Chevrolet Corvette Z06
For a number of years now we’ve done without a naturally-aspirated, mid-engined V8 supercar, as modern McLarens have all been turbocharged and Ferrari went the same way with the 488 in 2015. Now, though, the mid-mounted NA V8 supercar is back with the Corvette Z06. Its 5.5-litre flat-plane crank V8 punches out 670PS (493kW) and revs to 8,600rpm which, combined with some mightily aggressive but pretty bodywork, makes the new Z06 a proper supercar. The downside? Chevrolet doesn’t exist in the UK. But Chevy has confirmed the Z06 will be built in right-hand-drive, meaning it could be coming to the UK alongside the regular C8.
After an enthusiastic response the quirky little Citroën Ami is coming to the UK in mid-2022. With an 8PS (6kW) electric motor, a range of 43 miles and just 2.4m long it’s in a different universe to the aforementioned Corvette, but we love it all the same.
Ferrari 296 GTB
With nods in its pretty design to the SF90 Stradale, the mid-engined Ferrari 296 GTB hybrid is launching in 2022. Expected to cost around £230,000, the 296 GTB has a 3.0-litre twin-turbo V6 and an electric motor for a total of 830PS (610kW), meaning 0-62mph in 2.9 seconds and a top speed of 204mph.
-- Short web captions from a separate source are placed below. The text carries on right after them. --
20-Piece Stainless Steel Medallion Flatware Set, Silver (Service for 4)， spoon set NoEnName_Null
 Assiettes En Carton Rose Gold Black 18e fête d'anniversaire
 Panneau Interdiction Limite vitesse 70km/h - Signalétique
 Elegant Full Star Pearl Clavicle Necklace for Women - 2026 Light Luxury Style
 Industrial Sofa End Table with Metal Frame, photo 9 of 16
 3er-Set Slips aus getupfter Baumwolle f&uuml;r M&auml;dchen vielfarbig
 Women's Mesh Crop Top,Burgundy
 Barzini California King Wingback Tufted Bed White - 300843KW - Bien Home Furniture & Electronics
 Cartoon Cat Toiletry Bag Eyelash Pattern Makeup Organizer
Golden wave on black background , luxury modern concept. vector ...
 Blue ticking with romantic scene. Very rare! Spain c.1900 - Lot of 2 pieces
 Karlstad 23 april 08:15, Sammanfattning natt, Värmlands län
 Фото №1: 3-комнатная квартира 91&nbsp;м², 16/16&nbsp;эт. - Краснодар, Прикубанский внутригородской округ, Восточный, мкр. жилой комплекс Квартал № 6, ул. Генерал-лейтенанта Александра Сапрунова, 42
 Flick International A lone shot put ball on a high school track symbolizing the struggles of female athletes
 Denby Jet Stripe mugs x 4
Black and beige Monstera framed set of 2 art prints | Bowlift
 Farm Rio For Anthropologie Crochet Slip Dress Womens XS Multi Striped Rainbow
Which would you prefer, the V8 F8 Tributo or the hybrid V6 296 GTB?
You may not like the idea of a Ferrari SUV but it is going to happen, and it should be launching in 2022. There are no exact details yet, but Ferrari’s Chief Technology Officer Michael Leiters has said the car could accommodate a V6, V8 or V12 engine, the former two with some form of hybridisation.
Honda Civic Type R
There’s a new generation of Honda Civic arriving in 2022, which means that the new Civic Type R, seen flying at the Nürburgring, will be on its way too. There’s still some question marks over exactly how it’ll be powered, as Honda had planned to only sell hybrids come the end of the year, but we’re expecting an evolution of the four-cylinder turbocharged engine we’ve known and enjoyed since the FK2 arrived on the scene in 2015. Similarly, we’re expecting front-wheel-drive and – joy of joys – a six-speed manual gearbox.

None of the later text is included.